## Work required
Whenever a line of the data below holds the string "white", copy that line.

## Working data
☆ ☆ ☆ ☆ ☆ ☆ ☆
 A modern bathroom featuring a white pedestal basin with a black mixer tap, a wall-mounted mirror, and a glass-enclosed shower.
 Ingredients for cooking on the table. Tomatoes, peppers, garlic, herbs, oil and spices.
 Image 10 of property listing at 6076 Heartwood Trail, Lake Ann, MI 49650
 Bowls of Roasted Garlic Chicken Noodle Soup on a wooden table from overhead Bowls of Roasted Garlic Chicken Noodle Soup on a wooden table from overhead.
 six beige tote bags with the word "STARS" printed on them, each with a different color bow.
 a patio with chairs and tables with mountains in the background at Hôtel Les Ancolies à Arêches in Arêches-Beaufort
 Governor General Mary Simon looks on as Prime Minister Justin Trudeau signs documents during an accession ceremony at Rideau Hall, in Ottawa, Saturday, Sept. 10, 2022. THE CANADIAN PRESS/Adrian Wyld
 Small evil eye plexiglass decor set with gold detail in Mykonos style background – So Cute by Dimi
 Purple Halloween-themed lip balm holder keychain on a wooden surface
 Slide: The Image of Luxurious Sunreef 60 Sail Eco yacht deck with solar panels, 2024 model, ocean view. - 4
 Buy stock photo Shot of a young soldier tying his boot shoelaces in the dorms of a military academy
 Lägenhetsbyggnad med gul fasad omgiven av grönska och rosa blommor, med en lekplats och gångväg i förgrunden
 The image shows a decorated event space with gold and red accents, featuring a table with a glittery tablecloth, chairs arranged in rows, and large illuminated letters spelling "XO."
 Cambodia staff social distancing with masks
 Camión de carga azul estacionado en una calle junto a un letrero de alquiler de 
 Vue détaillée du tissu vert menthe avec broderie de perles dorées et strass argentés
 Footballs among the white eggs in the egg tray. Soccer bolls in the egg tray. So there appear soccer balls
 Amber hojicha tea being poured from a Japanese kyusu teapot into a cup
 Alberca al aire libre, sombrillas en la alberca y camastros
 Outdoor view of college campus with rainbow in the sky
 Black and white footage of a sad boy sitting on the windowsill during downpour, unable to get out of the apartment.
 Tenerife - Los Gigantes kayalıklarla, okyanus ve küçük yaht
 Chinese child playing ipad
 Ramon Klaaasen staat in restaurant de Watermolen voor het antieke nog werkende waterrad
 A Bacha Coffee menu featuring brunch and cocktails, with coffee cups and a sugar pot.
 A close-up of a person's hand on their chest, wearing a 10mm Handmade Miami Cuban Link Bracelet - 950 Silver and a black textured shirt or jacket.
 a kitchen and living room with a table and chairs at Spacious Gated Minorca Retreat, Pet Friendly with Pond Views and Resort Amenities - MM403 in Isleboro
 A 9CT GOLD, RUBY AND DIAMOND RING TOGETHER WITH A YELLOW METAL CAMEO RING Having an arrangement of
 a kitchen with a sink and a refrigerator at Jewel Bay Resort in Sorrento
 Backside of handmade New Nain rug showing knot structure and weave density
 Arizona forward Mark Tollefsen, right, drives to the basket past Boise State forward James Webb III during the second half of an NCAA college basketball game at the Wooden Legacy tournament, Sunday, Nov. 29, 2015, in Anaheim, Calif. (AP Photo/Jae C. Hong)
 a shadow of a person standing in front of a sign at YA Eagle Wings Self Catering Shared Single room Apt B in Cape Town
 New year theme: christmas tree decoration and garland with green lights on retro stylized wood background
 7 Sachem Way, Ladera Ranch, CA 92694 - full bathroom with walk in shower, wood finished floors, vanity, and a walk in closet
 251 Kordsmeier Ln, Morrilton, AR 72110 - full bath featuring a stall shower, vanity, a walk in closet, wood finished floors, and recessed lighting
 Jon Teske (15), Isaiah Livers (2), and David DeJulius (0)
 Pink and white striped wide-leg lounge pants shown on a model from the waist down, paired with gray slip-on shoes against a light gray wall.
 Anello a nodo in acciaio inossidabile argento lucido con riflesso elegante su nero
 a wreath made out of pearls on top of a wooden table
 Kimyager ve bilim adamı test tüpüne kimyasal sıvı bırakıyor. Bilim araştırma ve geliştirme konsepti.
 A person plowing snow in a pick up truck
☆ ☆ ☆ ☆ ☆ ☆ ☆
## Exercise answer
 A modern bathroom featuring a white pedestal basin with a black mixer tap, a wall-mounted mirror, and a glass-enclosed shower.
 Footballs among the white eggs in the egg tray. Soccer bolls in the egg tray. So there appear soccer balls
 Black and white footage of a sad boy sitting on the windowsill during downpour, unable to get out of the apartment.
 Pink and white striped wide-leg lounge pants shown on a model from the waist down, paired with gray slip-on shoes against a light gray wall.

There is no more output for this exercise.